Borage (Borago officinalis), also known as a starflower, is an annual herb which is native to the Mediterranean region and has naturalized in many other locales. It grows satisfactorily in gardens in the UK climate, remaining in the garden from year to year by self-seeding. The leaves are edible and the plant is grown in gardens for that purpose in some parts of Europe. The plant is also commercially cultivated for borage seed oil which is extracted from its seeds.
Borage is actually a somewhat gangly plant, but you rarely notice it because the star-shaped flowers are so vibrant. They’re a true blue, hanging in downward facing clusters. Even the fuzzy white buds are attractive. Both the flowers and the leaves are edible, with a cucumber-like flavor. Use the leaves while they are young, because as the plant matures, the stalks and leaves become covered with a prickly fuzz.
In the early part of the nineteenth century, the young tops of Borage were still sometimes boiled as a pot-herb, and the young leaves were formerly considered very good in salads.
The fresh herb has a cucumber-like fragrance. When steeped in water, it imparts a coolness to it and a faint cucumber flavour, and compounded with lemon and sugar in wine, and water, it makes a refreshing and restorative summer drink. It was formerly always an ingredient in cool tankards of wine and cider, and is still used in claret cup.
Our great grandmothers preserved the flowers and candied them.
Borage was sometimes called Bugloss by the old herbalists, a name that properly belongs to Anchusa officinalis, the Alkanet, the Small Bugloss being Lycopsis arvensis, and Viper’s Bugloss being the popular name for Echium vulgare.
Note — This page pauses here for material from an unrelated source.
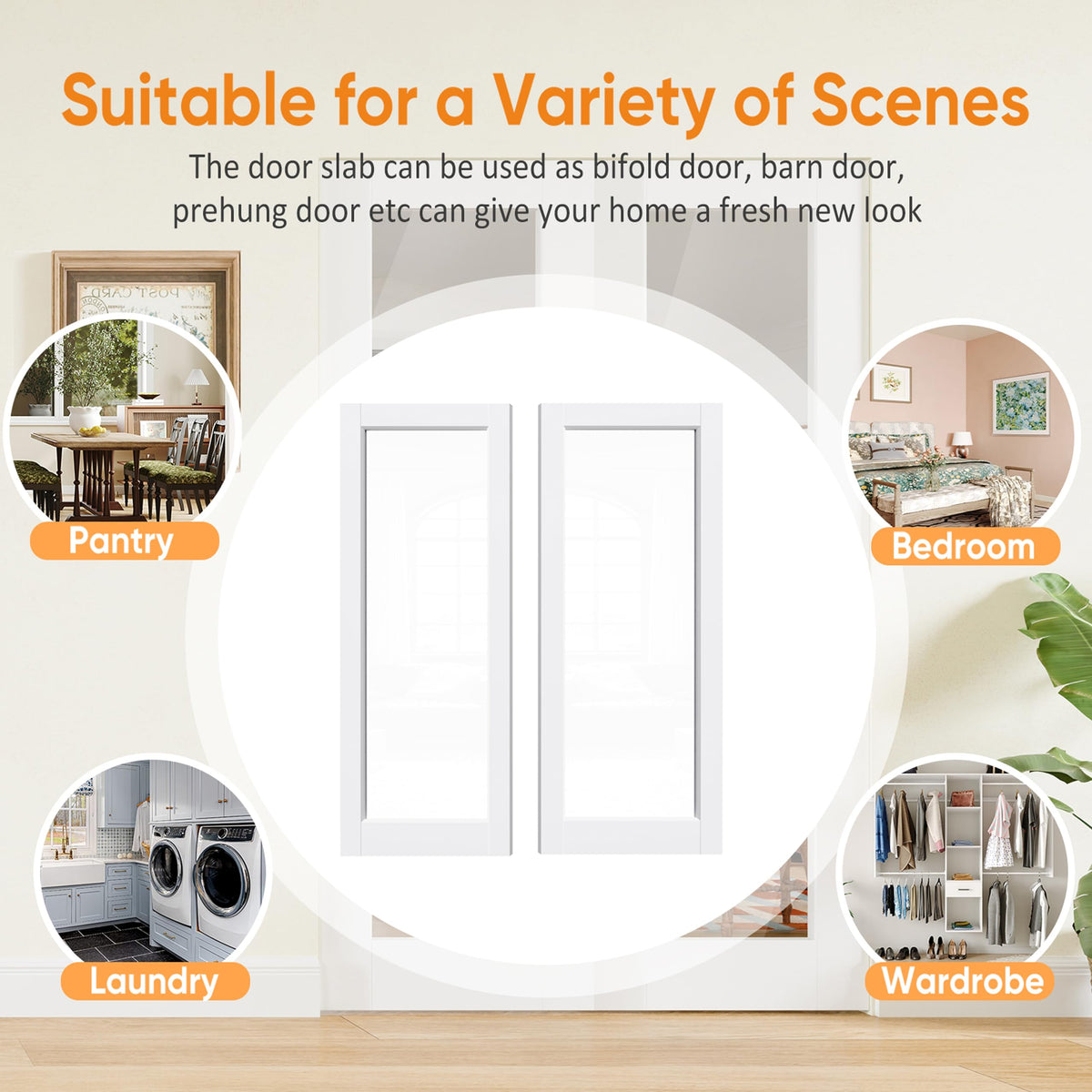 TENONER White Primed Solid Core 1-Lite Tempered Clear Glass French Interior Door (no handle)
Some authorities consider that the Latin name Borago, is a corruption of corago, from cor, the heart, and ago, I bring, because of its cordial effect.
In all the countries bordering the Mediterranean, where it is plentiful, it is spelt with a double ‘r,’ so the word may be derived from the Italian borra, French bourra, signifying hair or wool, words which in their turn are derived from the Low Latin burra, a flock of wool, in reference to the thick covering of short hairs which clothes the whole plant.
Those of our time do use the flowers in sallads to exhilerate and make the mind glad. There be also many things made of these used everywhere for the comfort of the heart, for increasing the joy of the minde. The leaves and floures of Borage put into wine make men and women glad and merry and drive away all sadnesse, dulnesse and melancholy, as Dios corides and Pliny affirme. Syrup made of the floures of Borage comforteth the heart, purgeth melancholy and quieteth the phrenticke and lunaticke person.
According to Dioscorides and Pliny, Borage was the famous Nepenthe of Homer, which when drunk steeped in wine, brought absolute forgetfulness.
Borage is much usedin France for fevers and pulmonary complaints. By virtue of its saline constituents, it promotes the activity of the kidneys and for this reason is employed to carry off feverish catarrhs. Its demulcent qualities are due to the mucilage contained in the whole plant. For internal use, an infusion is made of 1 OZ of leaves to 1 pint of boiling water, taken in wineglassful doses. Externally, it is employed as a poultice for inflammatory swellings.